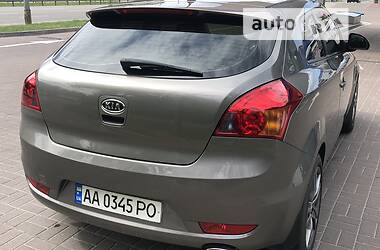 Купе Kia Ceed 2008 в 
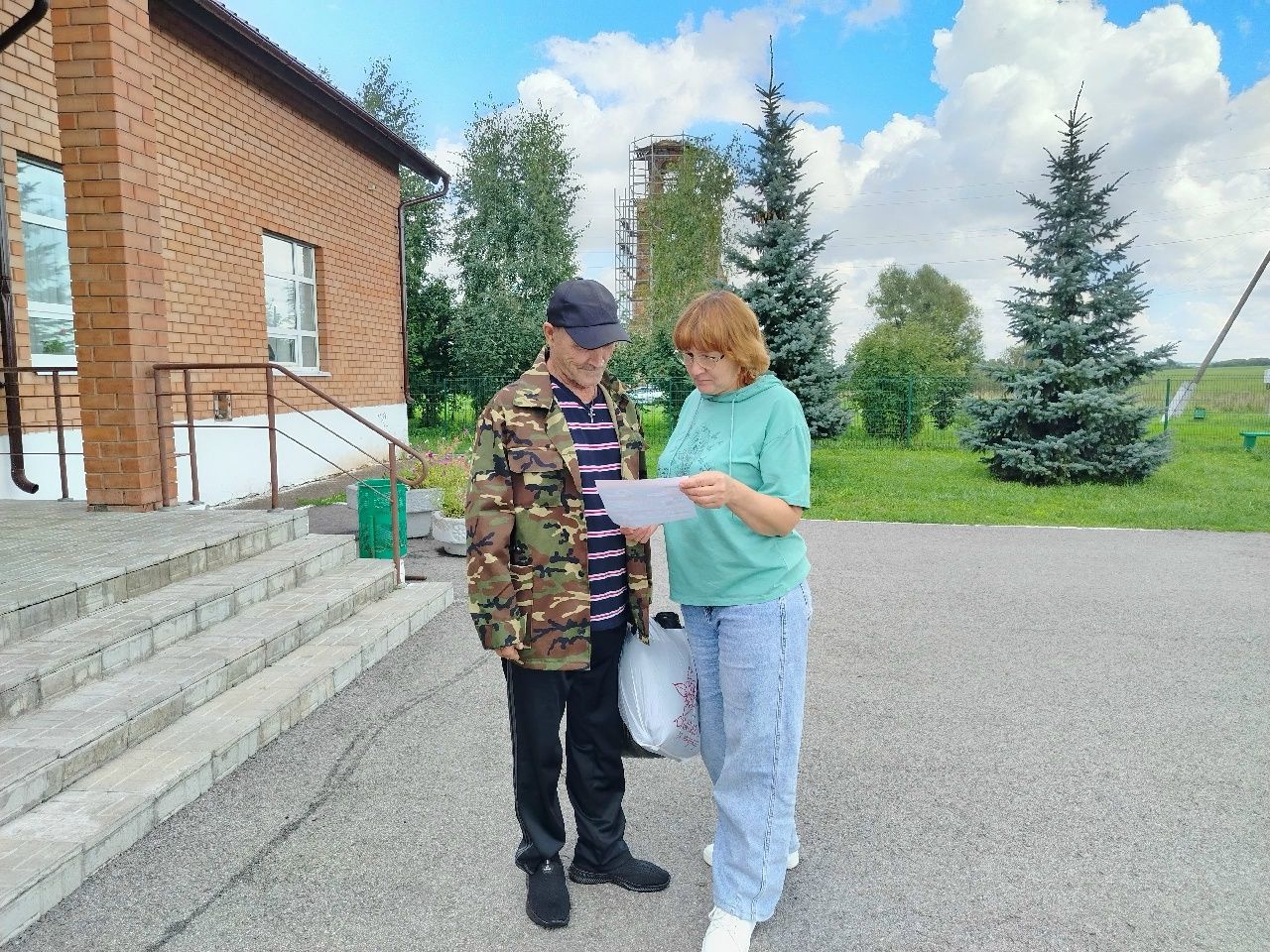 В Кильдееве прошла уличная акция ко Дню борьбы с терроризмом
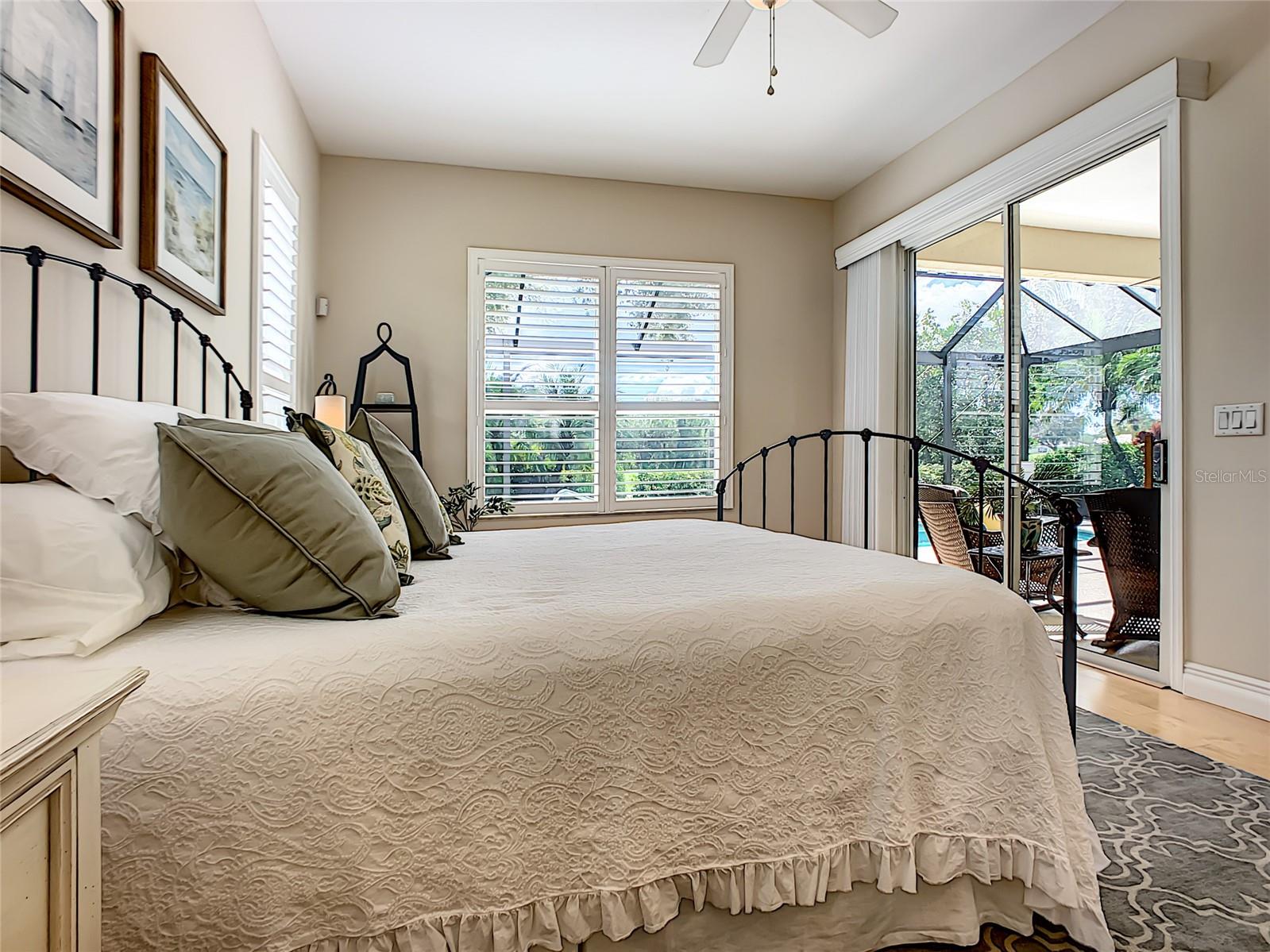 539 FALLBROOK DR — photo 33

====================

◆ **PROBLEM DETAILS**: Apart from the pictures, the whole listing should be reproduced exactly.

◆ **RESPONSE AREA**:
 Купе Kia Ceed 2008 в 
 В Кильдееве прошла уличная акция ко Дню борьбы с терроризмом
 539 FALLBROOK DR — photo 33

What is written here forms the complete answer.